Sentou-se Valentina no seu banquinho, ajustou-o e reajustou-o, ajeitou-se e reajeitou-se ela também, e com os seus olhos suavemente fechados, depois de se ter isolado deste mundo por uns bons dez ou quinze compassos, sem mais nada fazer, começou finalmente a carinhosa tarefa de afagar todos aqueles tímpanos ali presentes, desde os muito escrupulosamente lavados até aos mais vergonhosamente encerados, dos mais elásticos até aos mais rígidos, incluindo os meus, que, quer higiénica quer auditivamente falando, ficam um bom bocado acima do meio da tabela.      

 

Depois de uma última e já saudosa mirada para o ecrã cheio de bonequinhos coloridos do seu inseparável telemóvel de última geração, a minha vizinha mais chegada enfiou a aparelhagem na sua carteira.  Deixou esta com a boca aberta voltada para cima para, através da abertura bocal , de vez em quando, poder enfiar o canto do olho para dar umas miradas no ecrã do seu bem aconchegado telemóvel.

 

Caladas e serenas, ficaram à espera de ouvir os primeiros acordes.

 

Valentina tocou muito bem e veio o intervalo.

 

Com as duas licenças que pedi, saí para ir lá fora enfrentar, com coragem e grande valentia, a gigantesca tarefa de abrir a descomunal porta que dá acesso à região demarcada H,  destinada aos Homens.   

 

Regressei subindo sem esforço a rampa e, após duas novas muito educadas licenças, sentei-me no meu lugar, verificando cuidadosamente se o assento deslizante estava bem encaixado na ranhura de fixação.  

 

Segunda parte

 

Valentina voltou e, no curto caminho até o piano, muitas mais palmas ouviu do que da primeira vez.
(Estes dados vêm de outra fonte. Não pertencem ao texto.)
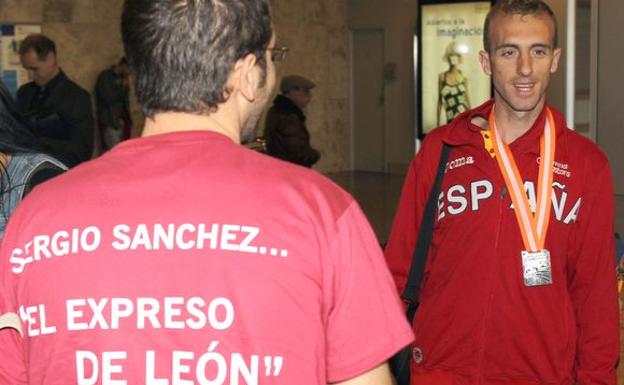 Sergio Sánchez, a su llegada a España.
Estavam a gostar. Com o mesmo ritual da primeira parte, sentou-se ao piano para continuar a sua actuação.

 

Aí a meio desta segunda parte, tocava Valentina lá em baixo, ouvi a voz algo abafada da minha vizinha do lado dizer para a sua companheira: “o Quaresma meteu um golo!”

 

Eu, que sou um portista ferrenho, ainda a tempo, mas já mesmo mesmo em cima da linha, lembrei-me que não estava no Dragão e ainda fui a tempo de não me levantar aos assobios com dois dedos enfiados na minha boca e a bater fortíssimas palmas com todas as minhas mãos.

 

Aposto que Valentina nunca mais iria esquecer o meu querido Porto, a terra onde ela tinha recebido a mais vibrante e acalorada ovação de toda a sua vida artística, para mais vinda de um só artista que, numa noite de futebol, perdeu um jogo, (que o F. C. Porto ganhou), para ir vê-la tocar.  

  

 

 

*** 

Mal acabou o concerto, as minhas companheiras laterais, no meio dos acalorados aplausos, que eram para Valentina, apressadas escaparam-se pela porta de saída mais próxima.  

Extraprograma, já deviam elas ir lá muito longe, a gentil Valentina tocou para os muitos que ficaram quatro lindas peças, daquelas de que toda a gente gosta.  

 

 

*** 

Quaresma é o nome de um bem conhecido avançado do F.C. Porto.